Lack of logic in population control


Grace Ballor
Contributing Writer

The United Nations Population Fund arbitrarily named Yazuri Tarmeno, born in Lima, Peru, on Monday, Oct. 31, to be the world’s seven-billionth living person. While the United States Census Bureau disagrees with the UN’s calculations, and claims that the world will not hit the seven billion mark until March of 2012, this relatively minor discrepancy does not detract from the fact that the global population is booming. Many argue that the world simply cannot sustain such a large population. Some of these people have capitalized on the “seven billion mark” to push a new worldwide program of population consciousness.

“Population consciousness,” as it has been described in recent days, is the awareness that mankind needs to act together to slow the world’s rapid population growth. Contraception, then, is the chief means of control. CNN featured an article on Oct. 31 – just hours after baby Tarmeno was born – claiming that the birth of the seven-billionth person marked the launch of the campaign of seven billion reasons why all women should have access to universal healthcare, especially to contraceptive medicine, and to education.

I understand that seven billion is a big number. I understand that in regions like Niger, in which women average eight births per lifetime and maternal mortality rates are high, reproductive education is necessary to the health of the woman and to the health of the local, regional and global population. I do not understand, however, the claim that there now exist seven billion reasons why all women should contracept. This claim is illogical, irrational and intended, I think, to be a piece of sensationalist news.

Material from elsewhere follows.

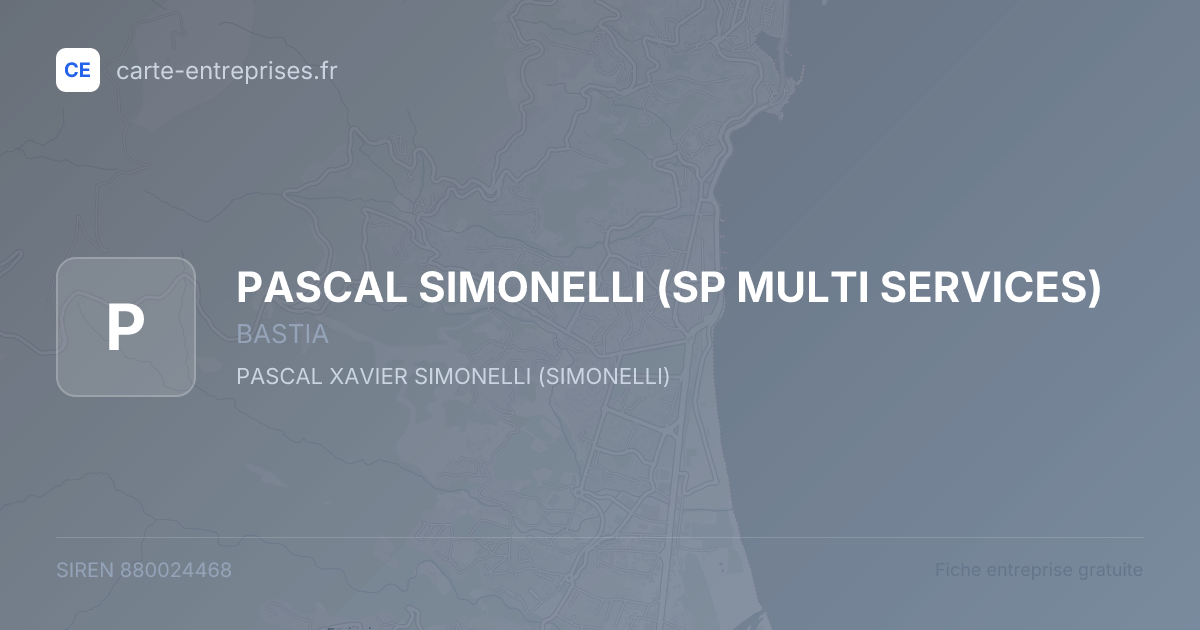PASCAL SIMONELLI (SP MULTI SERVICES) — 880024468 — fiche entreprise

Perhaps the questions we should be asking are: Why has the world’s population more than tripled in 80 years? Birth rates have been in steep decline in Western countries for the last half a century; so who, then, has been reproducing enough to increase world population so dramatically? Even if the world’s population is increasing and is larger now than ever before, aren’t we, as a world, also better equipped to provide for seven billion now than ever before?